Civil Unrest and the Choice to Travel

Last updated on 04/16/2018

Travel, by definition, involves many choices on the part of the traveler. You choose where to go, how to get there, where to stay, what to do, what to eat, and much more when you decide to see the world. Seeing exciting sights, exploring a new city, or trying local foods are part of the joy of travel that must be balanced against the possibility of unexpected events. Some risk is always involved with any travel, and though the chance for events to go wrong is present in everyday life at home, travel can present some less familiar risks. Travel insurance can help you feel more confident as you navigate those risks. It’s important to know how different types of plans determine what a covered event is and what is not so that you are prepared with the right plan for you. Civil unrest in the destination country is one risk that often confuses travelers who are choosing a trip insurance policy. We’ll explain how insurance providers view this risk so you can make an informed decision about what policy to choose. Let’s start with discussing personal responsibility vs. insurance company responsibility.

Personal responsibility vs. insurance company responsibility, where is the line?

Booted feet marching in formation

One thing that is often confusing to travelers is the distinction between where the insurance company's responsibility ends and personal responsibility begins. For example, many people don't know that most travel insurance policies will not cover injuries or losses that occur when the insured person is intoxicated. The industry term is “alcohol exclusion,” and it exists because drinking to excess is a well-known risk that should be avoided by a responsible traveler. Since policies are written to exclude this risk specifically, the insurance provider has no responsibility to cover someone who isn't exercising reasonable caution. Similarly, travel insurance doesn't always apply as people may expect it to in cases of political and civil unrest around the world. Let’s take a look at how insurance providers handle these events.

Is civil unrest a covered event with a comprehensive policy?

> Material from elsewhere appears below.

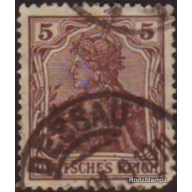 Germany 1920 Sc#118  SG#140 5pf Brown Germania Used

A common misconception is that if you purchase a comprehensive travel insurance policy, you could cancel a planned trip because of civil unrest occurring at your destination and be reimbursed by the travel insurance company. Not necessarily! Most comprehensive travel insurance policies have an exclusion for cancellation of a trip prior to departure due to civil unrest. The reason for denying trip cancellation coverage has to do with another industry term, “known peril” or to put it plainly, something that a traveler would reasonably know about before buying a policy. Other known perils can include named tropical storms or a previously announced carrier strike. The key here is whether the event was unforeseen or whether it was known at the time the policy was purchased. So who determines whether travel to a particular country is a “known peril”? The U.S. State Department Travel Advisory System is the accepted source for information about travel risks. Let’s take a closer look.

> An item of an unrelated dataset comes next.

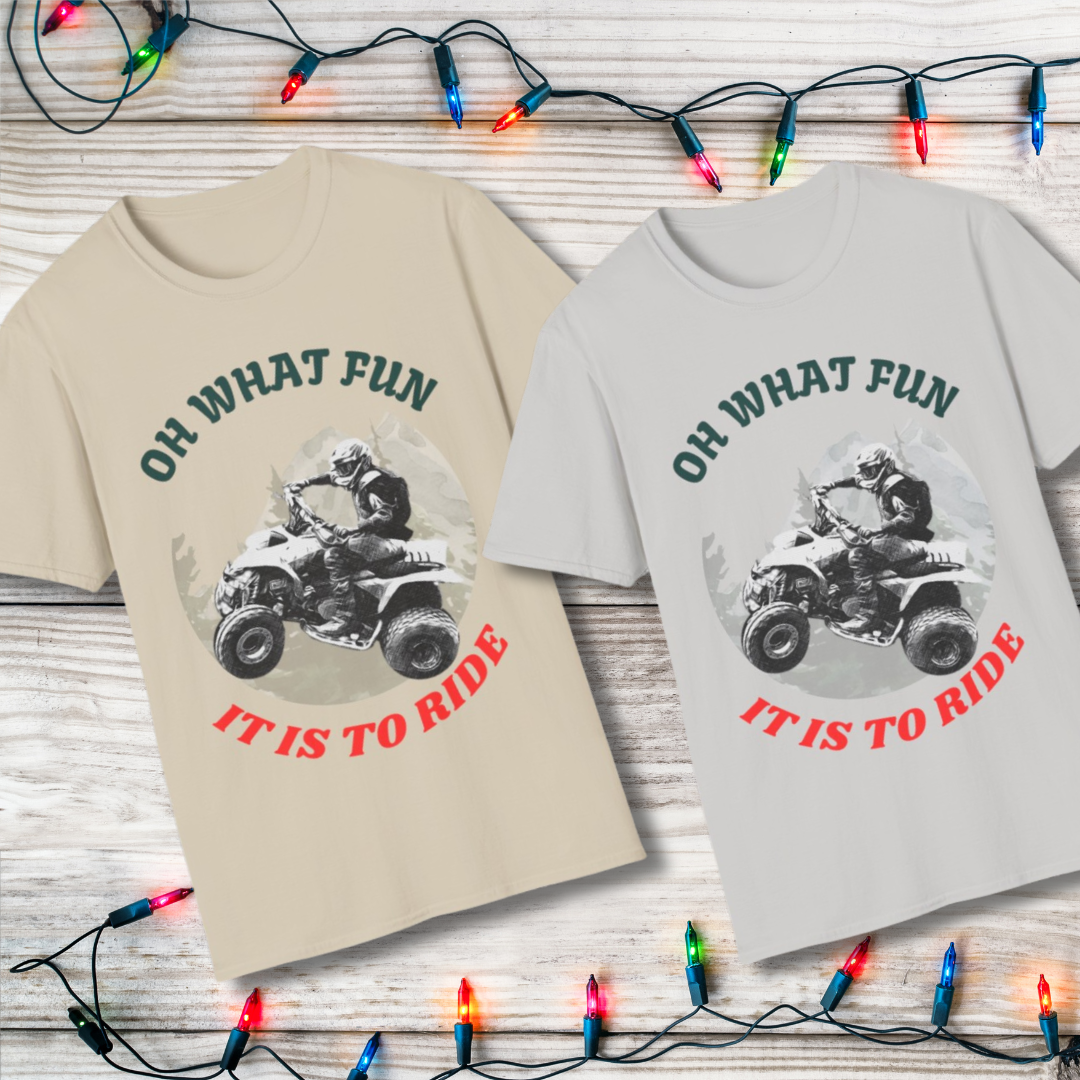 Holiday Shirt Honda 400 EX  | Oh What Fun it is To Ride SOFT cotton t shirt | Fourwheeler shirt | Christmas Racing Shirt | ATV Ugly Sweater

U.S. State Department Travel Advisory System

The U.S. State Department issues Travel Advisories that include information about whether a country is experiencing political or civil disruptions as well as other noted risks. These advisories also make specific recommendations to avoid or reconsider travel to some countries, along with detailed information about why travel is a higher risk at the time of the advisory. Since it is considered reasonable that the person traveling will research the country or area that they are visiting, choosing to travel to a location that is experiencing unrest is a matter of personal choice in the eyes of an insurance provider. If you decide to book a trip to Sudan, for example, you are probably already aware that there is a heightened risk of civil unrest occurring in that country. So what should you do if the benefits of traveling to a country with increased risks outweigh the possible adverse events in your estimation? You may still want to be able to cancel your trip if something causes you to reconsider before your departure. Some comprehensive policies have an option to add a Cancel for Any Reason (CFAR) benefit that will give you this option.

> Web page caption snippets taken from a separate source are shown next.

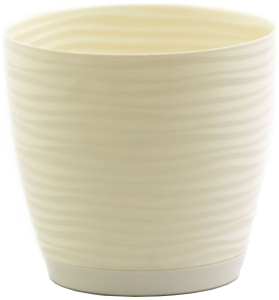 Горшок Form Plastic Sahara 3030-001 d16,7 см 2,4 л пластиковый кремовый 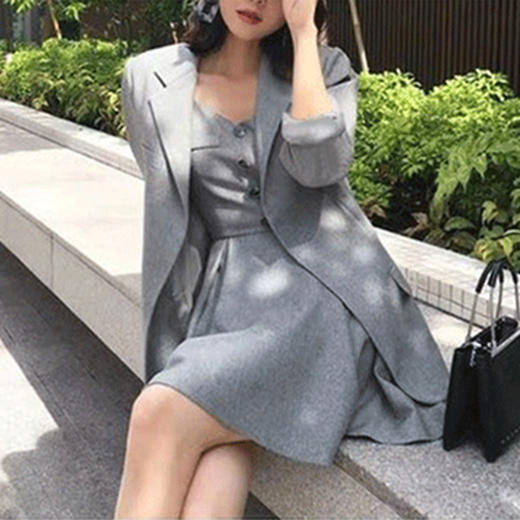 裁缝学苑AQ110 法式气质外套西装纸样吊带裙女装套装服装打板裁剪 商品图2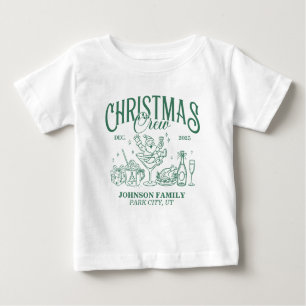 Custom Christmas Crew Matching Family Group Baby T-Shirt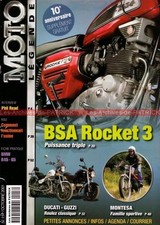 MOTO LEGENDE 117 MONTESA Cota 348 BSA 750 Rocket 3 DUCATI Monster GUZZI Nevada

Cancel for Any Reason Coverage

If you are planning to travel to an area of the world that is known to experience civil unrest, you may want to consider purchasing a travel insurance policy that includes Cancel for Any Reason coverage. When a plan includes CFAR you can cancel your plans within a specific time frame before your scheduled departure, typically up to 48 hours prior, and be reimbursed up to the limits of the plan. Most CFAR plans offer a 75% reimbursement of trip costs. You do take greater personal responsibility for your safety with CFAR because you will have more flexibility to change your mind about traveling.

How is civil unrest different from terrorism?

One other aspect that can be confusing to travelers is the difference between civil unrest and terrorism. Although both types of events can be scary and violent, insurance providers use plan definitions to determine whether an event is related to civil unrest or terrorism and therefore whether it is covered under the policy’s terms. It’s important to read the policy to understand these definitions fully.

In general, each event is evaluated by the insurance provider on whether it fits the plan definition of terrorism or civil unrest. Often, this determination depends on whether the United States government declares the event in question to have been an act of terrorism. A clear distinction must be made between terrorism and "civil disorder or riot." Exactly how this is defined will be outlined in the policy documents. Insurance providers also usually specify that the incident must not have been an act of war, whether declared or undeclared.